(Beginning of Available data)
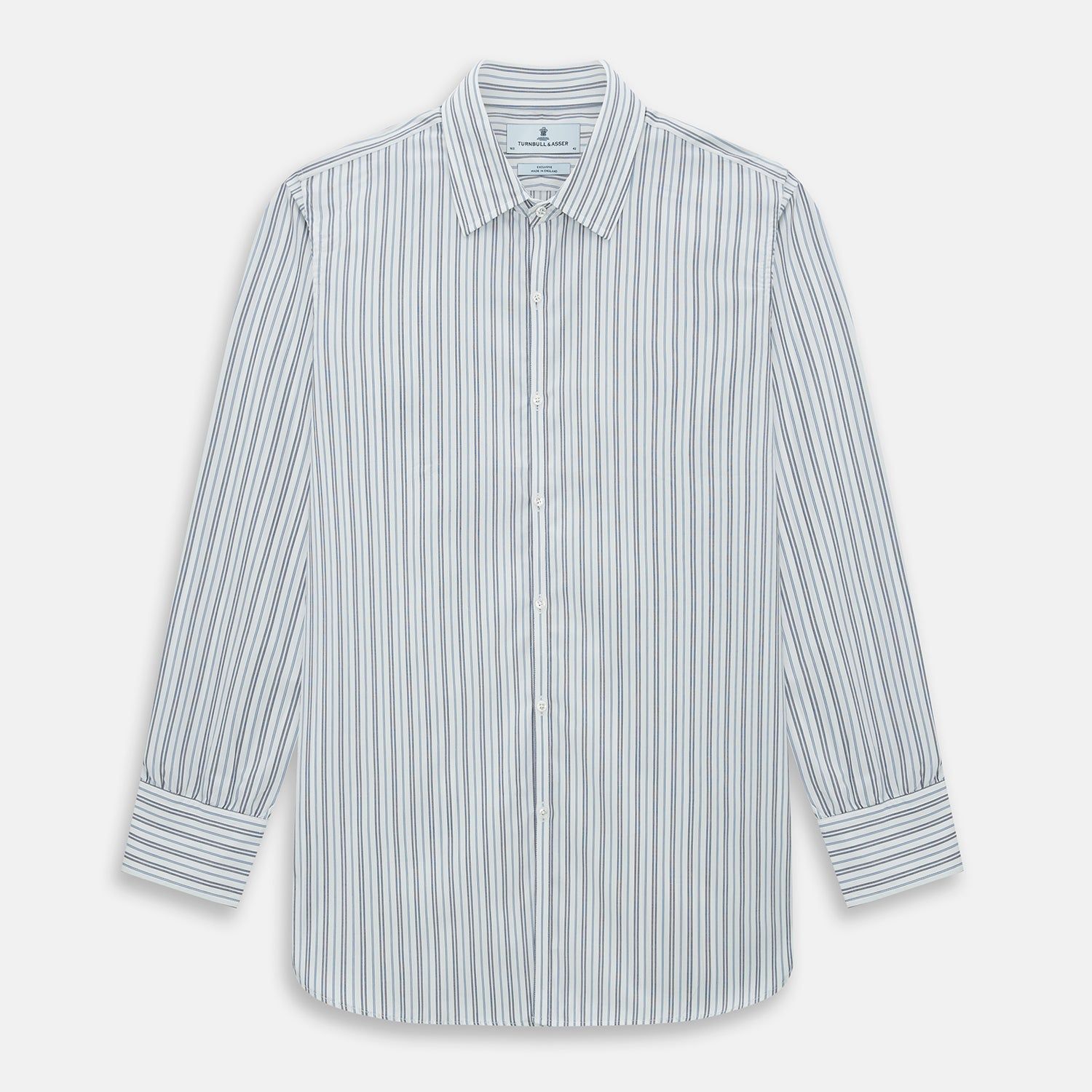Navy And Light Blue Multi Track Stripe Westminster Shirt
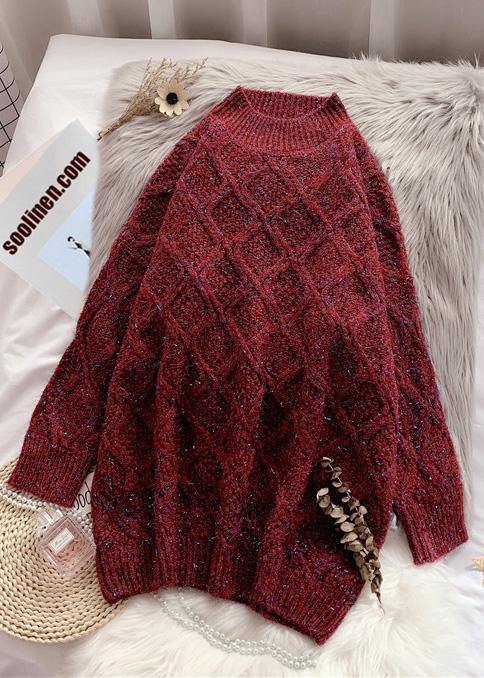 Women burgundy Sweater outfits plus size o neck thick Art  knitted tops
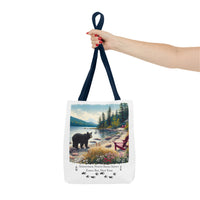 Black Bear Beach Bear Poly Tote Bag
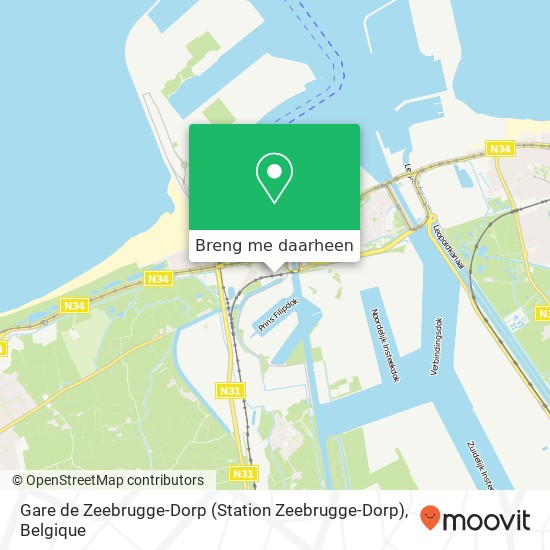 Gare de Zeebrugge-Dorp (Station Zeebrugge-Dorp) kaart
(End of Available data)
• **Problem**: Leaving the pictures out, write out all the material above exactly.

• **Output for this task**:
Navy And Light Blue Multi Track Stripe Westminster Shirt
 Women burgundy Sweater outfits plus size o neck thick Art  knitted tops
 Black Bear Beach Bear Poly Tote Bag
 Gare de Zeebrugge-Dorp (Station Zeebrugge-Dorp) kaart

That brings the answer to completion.